What is needed
Return each line below exactly as it reads, and omit any image in it.

Data extract
[Start of section]
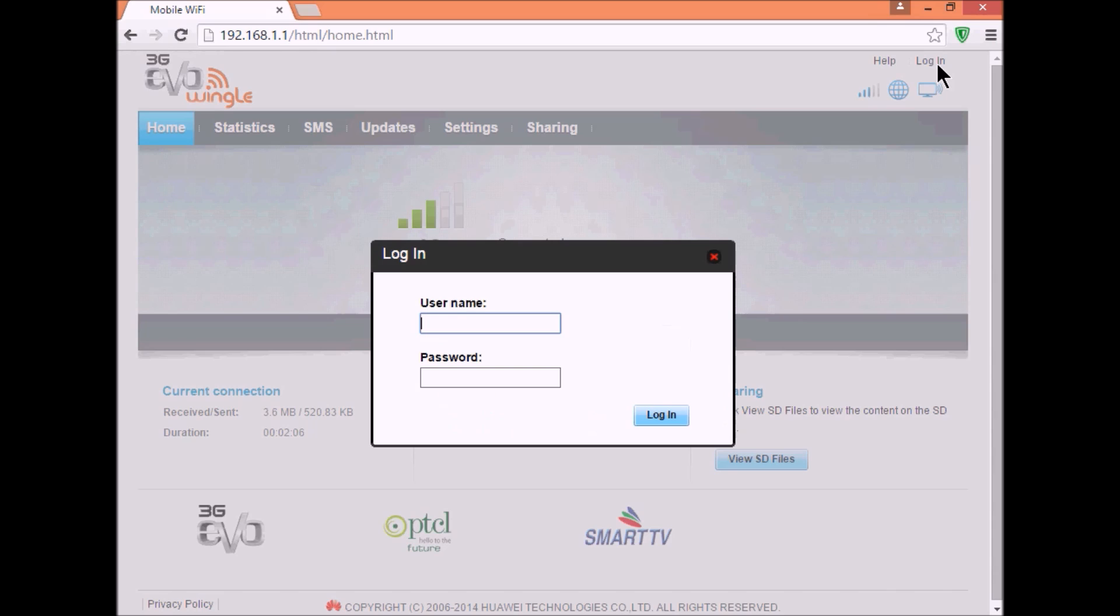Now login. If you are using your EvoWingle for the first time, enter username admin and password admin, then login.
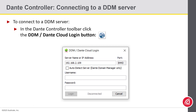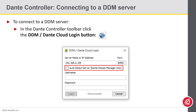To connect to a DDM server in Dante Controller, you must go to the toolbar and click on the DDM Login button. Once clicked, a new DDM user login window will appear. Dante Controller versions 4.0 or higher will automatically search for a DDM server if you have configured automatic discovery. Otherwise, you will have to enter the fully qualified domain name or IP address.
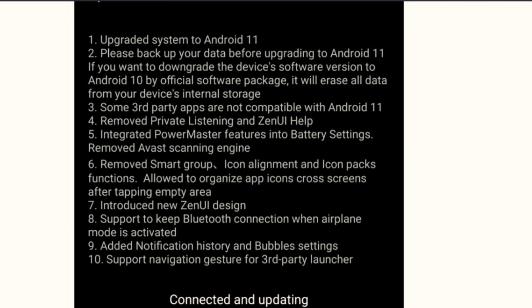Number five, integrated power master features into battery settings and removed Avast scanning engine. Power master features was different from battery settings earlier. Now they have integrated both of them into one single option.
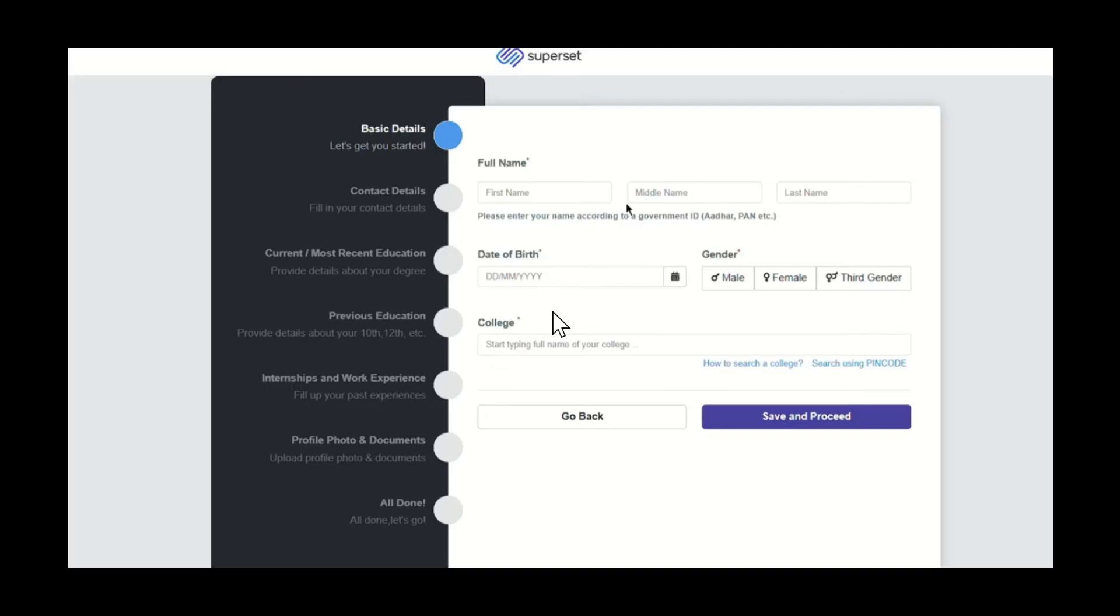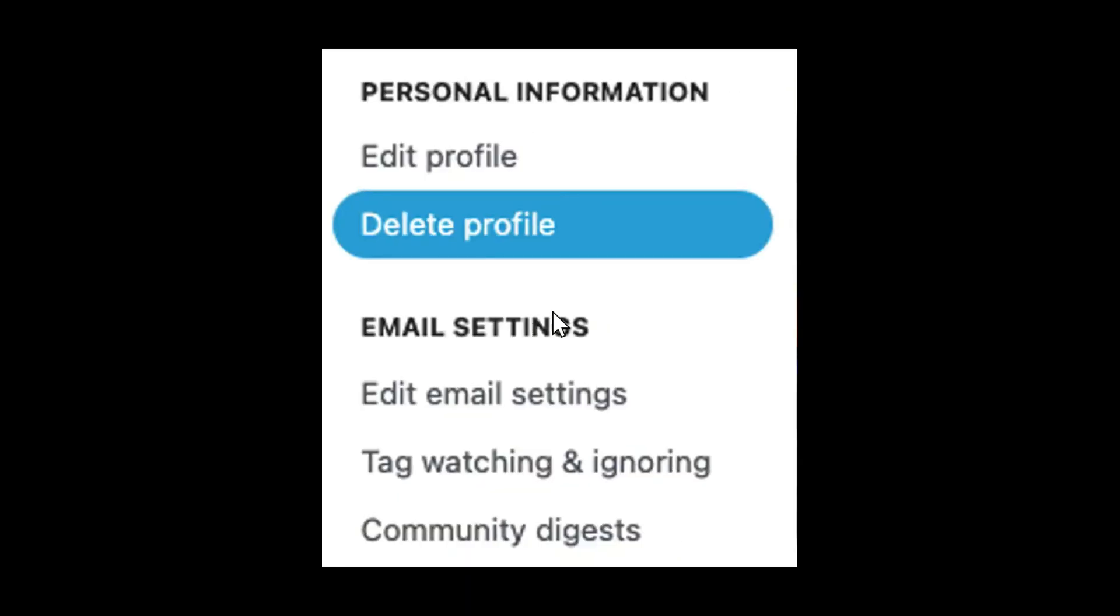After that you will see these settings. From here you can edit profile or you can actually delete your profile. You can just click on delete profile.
[End of section]
Solution for this exercise
Now login. If you are using your EvoWingle for the first time, enter username admin and password admin, then login.
To connect to a DDM server in Dante Controller, you must go to the toolbar and click on the DDM Login button. Once clicked, a new DDM user login window will appear. Dante Controller versions 4.0 or higher will automatically search for a DDM server if you have configured automatic discovery. Otherwise, you will have to enter the fully qualified domain name or IP address.
Number five, integrated power master features into battery settings and removed Avast scanning engine. Power master features was different from battery settings earlier. Now they have integrated both of them into one single option.
After that you will see these settings. From here you can edit profile or you can actually delete your profile. You can just click on delete profile.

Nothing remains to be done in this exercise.